Activity: Go through the data below and copy each line that includes "Picture".

Given data:
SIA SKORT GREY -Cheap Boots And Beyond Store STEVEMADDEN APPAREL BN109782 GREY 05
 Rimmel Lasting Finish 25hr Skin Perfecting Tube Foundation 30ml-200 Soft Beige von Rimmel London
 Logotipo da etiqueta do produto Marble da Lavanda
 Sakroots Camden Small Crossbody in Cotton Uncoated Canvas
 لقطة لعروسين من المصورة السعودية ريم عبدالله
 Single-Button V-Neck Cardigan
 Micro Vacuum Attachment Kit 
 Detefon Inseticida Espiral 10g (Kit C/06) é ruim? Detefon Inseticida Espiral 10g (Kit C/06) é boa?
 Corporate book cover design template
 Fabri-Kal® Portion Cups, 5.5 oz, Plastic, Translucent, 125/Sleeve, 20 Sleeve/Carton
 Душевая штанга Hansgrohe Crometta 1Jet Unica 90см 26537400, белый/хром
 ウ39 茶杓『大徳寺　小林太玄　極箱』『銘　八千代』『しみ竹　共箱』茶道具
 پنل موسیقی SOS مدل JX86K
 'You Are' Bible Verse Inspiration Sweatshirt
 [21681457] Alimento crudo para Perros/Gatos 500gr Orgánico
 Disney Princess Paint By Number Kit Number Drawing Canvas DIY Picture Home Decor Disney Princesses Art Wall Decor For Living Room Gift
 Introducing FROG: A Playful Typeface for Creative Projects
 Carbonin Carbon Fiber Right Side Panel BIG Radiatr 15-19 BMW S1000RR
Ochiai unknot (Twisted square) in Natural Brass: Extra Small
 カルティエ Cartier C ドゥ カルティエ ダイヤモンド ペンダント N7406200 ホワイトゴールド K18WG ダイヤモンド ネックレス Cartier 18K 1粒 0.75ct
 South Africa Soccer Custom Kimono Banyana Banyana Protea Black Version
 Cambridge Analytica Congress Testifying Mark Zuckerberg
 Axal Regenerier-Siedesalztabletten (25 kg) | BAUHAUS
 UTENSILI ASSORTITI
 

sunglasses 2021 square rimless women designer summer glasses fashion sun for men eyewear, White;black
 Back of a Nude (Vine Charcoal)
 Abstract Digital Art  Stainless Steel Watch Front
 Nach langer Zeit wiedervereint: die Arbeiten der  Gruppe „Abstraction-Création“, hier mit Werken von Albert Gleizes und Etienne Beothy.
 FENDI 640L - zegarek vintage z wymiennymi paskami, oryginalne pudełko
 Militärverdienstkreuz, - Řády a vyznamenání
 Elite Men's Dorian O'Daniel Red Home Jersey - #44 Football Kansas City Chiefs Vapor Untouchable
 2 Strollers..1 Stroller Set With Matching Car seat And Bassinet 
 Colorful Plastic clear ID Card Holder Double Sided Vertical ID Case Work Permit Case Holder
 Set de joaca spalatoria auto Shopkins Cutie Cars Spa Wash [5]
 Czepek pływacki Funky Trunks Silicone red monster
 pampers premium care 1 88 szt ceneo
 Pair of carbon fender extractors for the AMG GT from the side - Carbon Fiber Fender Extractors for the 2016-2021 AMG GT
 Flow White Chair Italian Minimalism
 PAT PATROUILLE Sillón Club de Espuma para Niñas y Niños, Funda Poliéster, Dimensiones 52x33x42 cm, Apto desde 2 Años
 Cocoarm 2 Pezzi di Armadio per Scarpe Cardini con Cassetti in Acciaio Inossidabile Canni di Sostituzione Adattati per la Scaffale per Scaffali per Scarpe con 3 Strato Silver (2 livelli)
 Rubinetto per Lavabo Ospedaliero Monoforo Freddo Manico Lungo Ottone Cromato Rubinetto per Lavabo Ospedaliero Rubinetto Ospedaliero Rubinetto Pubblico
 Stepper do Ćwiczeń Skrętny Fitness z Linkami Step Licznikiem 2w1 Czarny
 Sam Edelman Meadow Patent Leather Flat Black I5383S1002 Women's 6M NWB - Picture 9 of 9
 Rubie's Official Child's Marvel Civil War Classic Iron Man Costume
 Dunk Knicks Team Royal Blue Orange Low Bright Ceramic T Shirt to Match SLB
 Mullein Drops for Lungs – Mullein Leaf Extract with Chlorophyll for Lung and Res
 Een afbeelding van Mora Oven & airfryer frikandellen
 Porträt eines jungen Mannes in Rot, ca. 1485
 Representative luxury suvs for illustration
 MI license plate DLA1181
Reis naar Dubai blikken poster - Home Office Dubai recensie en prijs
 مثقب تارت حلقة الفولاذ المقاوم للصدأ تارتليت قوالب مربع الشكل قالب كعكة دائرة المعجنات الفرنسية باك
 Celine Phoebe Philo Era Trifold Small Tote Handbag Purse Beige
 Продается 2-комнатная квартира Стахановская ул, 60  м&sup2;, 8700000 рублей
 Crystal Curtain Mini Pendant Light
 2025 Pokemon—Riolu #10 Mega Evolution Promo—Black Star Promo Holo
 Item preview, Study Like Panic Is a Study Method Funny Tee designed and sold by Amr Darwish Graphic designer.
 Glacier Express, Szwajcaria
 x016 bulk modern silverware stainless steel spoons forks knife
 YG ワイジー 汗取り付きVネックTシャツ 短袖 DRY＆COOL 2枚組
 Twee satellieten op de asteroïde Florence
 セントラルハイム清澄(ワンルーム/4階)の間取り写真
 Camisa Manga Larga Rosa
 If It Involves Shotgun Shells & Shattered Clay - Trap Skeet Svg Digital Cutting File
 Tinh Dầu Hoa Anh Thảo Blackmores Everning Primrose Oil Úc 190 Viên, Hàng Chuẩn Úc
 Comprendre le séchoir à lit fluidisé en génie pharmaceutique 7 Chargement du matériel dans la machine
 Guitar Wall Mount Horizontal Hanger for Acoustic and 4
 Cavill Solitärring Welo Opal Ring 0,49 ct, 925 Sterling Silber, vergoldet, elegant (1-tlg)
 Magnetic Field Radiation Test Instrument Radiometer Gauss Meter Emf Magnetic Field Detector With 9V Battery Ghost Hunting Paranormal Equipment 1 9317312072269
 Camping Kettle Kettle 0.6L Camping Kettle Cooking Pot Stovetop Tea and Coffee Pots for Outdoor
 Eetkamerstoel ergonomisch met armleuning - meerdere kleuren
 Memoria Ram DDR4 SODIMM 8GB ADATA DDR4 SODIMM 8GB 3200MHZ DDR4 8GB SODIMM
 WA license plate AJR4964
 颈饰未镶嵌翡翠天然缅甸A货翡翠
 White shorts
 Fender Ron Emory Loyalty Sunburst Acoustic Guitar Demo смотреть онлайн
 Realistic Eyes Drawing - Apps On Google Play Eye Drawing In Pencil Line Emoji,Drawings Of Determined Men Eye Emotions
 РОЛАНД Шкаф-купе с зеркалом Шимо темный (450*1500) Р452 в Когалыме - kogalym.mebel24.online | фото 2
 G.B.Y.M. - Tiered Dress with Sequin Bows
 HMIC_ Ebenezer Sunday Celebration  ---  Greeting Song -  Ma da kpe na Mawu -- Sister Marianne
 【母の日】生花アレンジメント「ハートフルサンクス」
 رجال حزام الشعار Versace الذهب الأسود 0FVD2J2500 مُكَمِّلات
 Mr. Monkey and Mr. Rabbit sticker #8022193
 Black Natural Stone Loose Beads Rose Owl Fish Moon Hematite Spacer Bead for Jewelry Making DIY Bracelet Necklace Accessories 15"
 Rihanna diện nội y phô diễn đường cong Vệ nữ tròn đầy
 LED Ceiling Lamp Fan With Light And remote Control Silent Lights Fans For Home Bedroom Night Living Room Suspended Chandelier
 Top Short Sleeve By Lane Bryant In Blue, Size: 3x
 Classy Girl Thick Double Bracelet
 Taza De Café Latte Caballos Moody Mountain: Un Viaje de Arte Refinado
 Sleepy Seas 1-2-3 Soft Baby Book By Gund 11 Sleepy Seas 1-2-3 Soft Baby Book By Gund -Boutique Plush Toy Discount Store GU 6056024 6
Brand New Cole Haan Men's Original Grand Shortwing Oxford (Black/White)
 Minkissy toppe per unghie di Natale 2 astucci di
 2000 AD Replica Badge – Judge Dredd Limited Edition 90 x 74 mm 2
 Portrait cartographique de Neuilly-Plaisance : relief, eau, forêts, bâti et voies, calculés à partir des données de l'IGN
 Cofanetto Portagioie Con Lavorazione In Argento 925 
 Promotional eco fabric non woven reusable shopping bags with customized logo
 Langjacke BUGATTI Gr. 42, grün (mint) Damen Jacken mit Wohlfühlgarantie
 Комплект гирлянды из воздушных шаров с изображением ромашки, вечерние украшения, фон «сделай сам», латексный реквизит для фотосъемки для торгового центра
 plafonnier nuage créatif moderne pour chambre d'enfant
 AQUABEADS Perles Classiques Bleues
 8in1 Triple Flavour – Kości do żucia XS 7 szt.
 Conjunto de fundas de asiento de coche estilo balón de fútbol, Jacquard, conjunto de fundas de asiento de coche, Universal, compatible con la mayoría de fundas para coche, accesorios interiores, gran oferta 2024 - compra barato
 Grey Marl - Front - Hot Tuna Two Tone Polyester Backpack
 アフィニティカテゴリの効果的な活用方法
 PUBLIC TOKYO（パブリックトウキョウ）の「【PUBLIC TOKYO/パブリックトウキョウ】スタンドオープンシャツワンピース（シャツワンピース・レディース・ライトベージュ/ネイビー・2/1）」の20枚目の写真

Response:
 Disney Princess Paint By Number Kit Number Drawing Canvas DIY Picture Home Decor Disney Princesses Art Wall Decor For Living Room Gift
 Sam Edelman Meadow Patent Leather Flat Black I5383S1002 Women's 6M NWB - Picture 9 of 9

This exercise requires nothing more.